Llegó a Santiago desde Concepción en 1989. Del contrabajo clásico en la Universidad Católica pasó al bajo eléctrico como alumno de Pablo Lecaros (de La Marraqueta) y su estilo fue cercano al de nombres como Steve Swallow o Jimmy Haslip. Su aparición activa en jam sessions llamó la atención de músicos experimentados como el trompetista Daniel Lencina, quien lo incorporó a su cuarteto en 1995 junto al pianista Pablo Vergara. Entre 1994 y 1995 Rivera siguió actuando con la primera formación del grupo Almendra Trío (del guitarrista Mauricio Rodríguez y con Cristóbal Rojas en la batería).
Acompañó al tenorista Marcos Aldana, el pianista Carlos Silva o los bateristas Alejandro Espinosa y Cristián Pérez.

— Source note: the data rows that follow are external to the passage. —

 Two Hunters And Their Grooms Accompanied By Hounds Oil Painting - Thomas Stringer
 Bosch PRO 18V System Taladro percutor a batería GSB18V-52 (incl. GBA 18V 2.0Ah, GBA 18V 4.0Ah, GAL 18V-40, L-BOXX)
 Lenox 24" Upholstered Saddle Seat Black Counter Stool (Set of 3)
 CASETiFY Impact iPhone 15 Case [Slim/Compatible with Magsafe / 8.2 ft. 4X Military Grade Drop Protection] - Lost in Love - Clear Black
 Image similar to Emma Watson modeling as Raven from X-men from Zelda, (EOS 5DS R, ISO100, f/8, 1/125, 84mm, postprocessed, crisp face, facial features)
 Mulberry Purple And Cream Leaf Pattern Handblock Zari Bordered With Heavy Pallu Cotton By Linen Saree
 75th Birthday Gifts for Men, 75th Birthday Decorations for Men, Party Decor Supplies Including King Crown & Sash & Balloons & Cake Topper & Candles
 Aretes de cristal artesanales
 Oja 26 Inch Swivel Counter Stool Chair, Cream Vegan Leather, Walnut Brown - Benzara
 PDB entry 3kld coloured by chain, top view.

Y ya en 1999 instaló su residencia en Nueva Jersey para comenzar una etapa de estudios en composición y trabajo de orquestación y arreglos musicales. Fue ahí donde comenzó a cantar informalmente y luego de tomar clases con la maestra norteamericana Nancy Marano adquirió su primer perfil. A su regreso a Chile en 2007, Rivera ya estaba convertido en un cantante ciento por ciento y muy en la línea del estilo cool y chic de Chet Baker. En clubes de jazz capitalinos como Thelonious o Le Fournil apareció acompañado por músicos como su antiguo compañero Mauricio Rodríguez (guitarra), Jorge Vera (piano) Rodrigo Galarce, Nelson Arriagada y Milton Russell (contrabajos) o Daniel Rodríguez y Félix Lecaros (baterías).